Datatamer / tamr-client

Programmatically interact with Tamr
https://tamr-client.readthedocs.io
Apache License 2.0
11 stars 25 forks source link

Remove dependency on simplejson and use a custom encoder when needed #468

Closed skalish closed 4 years ago

skalish commented 4 years ago

↪️ Pull Request

This PR breaks the dependency on simplejson in two ways:

tamr_client

The onus is placed on the user to ensure that their record updates do not contain NaN values, and that these are instead cast to the Python None. NaN values in a pandas DataFrame will not cause issues in the dataframe.upsert function since the generated dictionaries are sanitized by the Series method to_json.

tamr_unify_client

The usage of simplejson in the method Dataset._update_records has been replaced by using a custom JSON encoder when passing ignore_nan=True. This is now the only json_arg that is supported.

The custom encoder, defined in _custom_encoder.py is minimally changed from the standard library encoder to cast NaN (and Infinity/-Infinity) to 'null' in the style of simplejson. Compare to json and simplejson.
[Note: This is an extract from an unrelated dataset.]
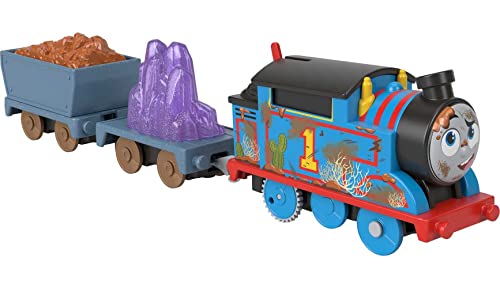 Fisher-Price Thomas & Friends Motorized Toy Train Crystal Caves Thomas Battery-Powered Engine with Cargo for Ages 3+ Years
The method Dataset.upsert_from_dataframe has had the argument ignore_nan removed, since this is the only reasonable behavior. The implementation there has been changed to mirror the solution in tamr-client. (Maybe the parameter should be left to avoid a breaking change and be raised as a deprecation warning).

Closes #455

✔️ PR Todo

skalish commented 4 years ago

In terms of changelog, I think there is a breaking change in that the only json-encoding parameter that is accepted now is ignore_nan. Besides that, what is the best way to communicate these changes that are only user-facing in that simplejson is no longer a dependency, and deprecation warning are now added?

skalish commented 4 years ago

Gave it a shot, but the changelog could use a quick once-over to be sure the messaging is right and complete.